Which TTL type does elasticsearch support?

See my answer in the first email. Elasticsearch's background process runs
every 60s, compares timestamps and then marks documents as deleted. The
physical deletion of data doesn't happen until a merge later removes it.

It looks like you can't range_query on _id field without indexing ? (like

get and multiget doesn't require indexing)

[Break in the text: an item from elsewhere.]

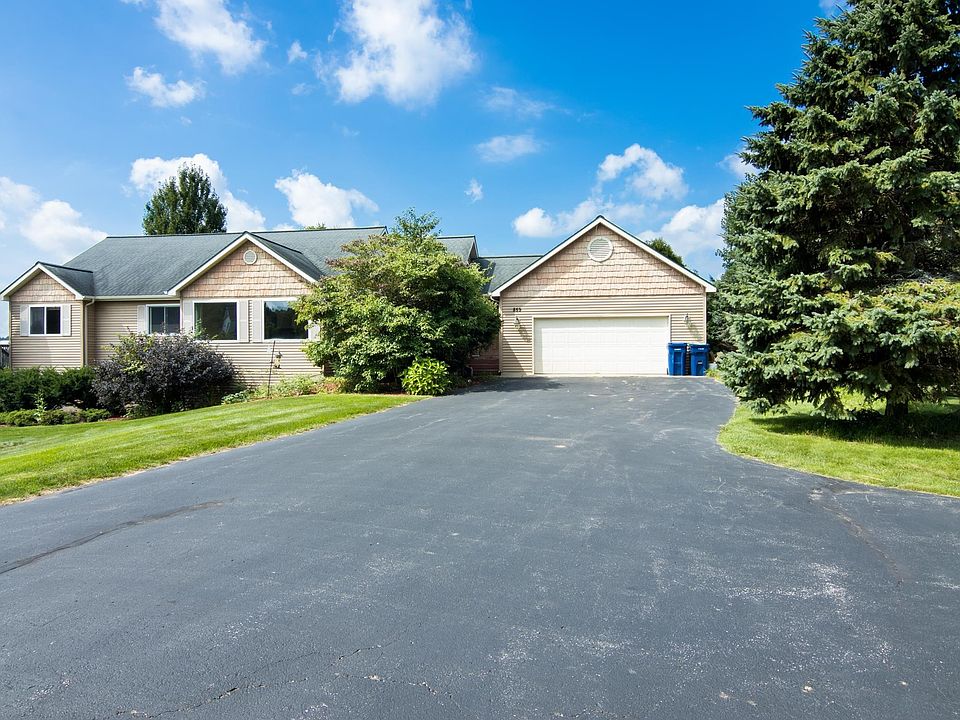 1st image of 859 Shamrock Ln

Correct. Queries only operate on inverted index data, so they require the
_id to be indexed along with the other fields. Get/Multiget use a
different mechanism (detailed above w/ bloom filter), they aren't queries,
so they don't require an inverted index.

Also when documents are filtered and no sorting is specified, are documents

sorted by _id ?

If docs are filtered and have no score, the score is automatically set to

  1. Since all documents have the same score, the resulting order is
    effectively random. In actuality it is the order of the documents in the
    segments, but the merge process tends to shuffle them enough that you can
    consider it random.

Hope that helps!
-Zach

Thanks

On Tuesday, September 17, 2013 7:05:56 PM UTC+2, ddorian43 wrote:

How are Get and Multiget queries fetched? What data structure is used to
hold this data?

Are expired documents indexed and deleted on cron(like mongodb) or are
they deleted when segments are merged (cassandra/bigtable)?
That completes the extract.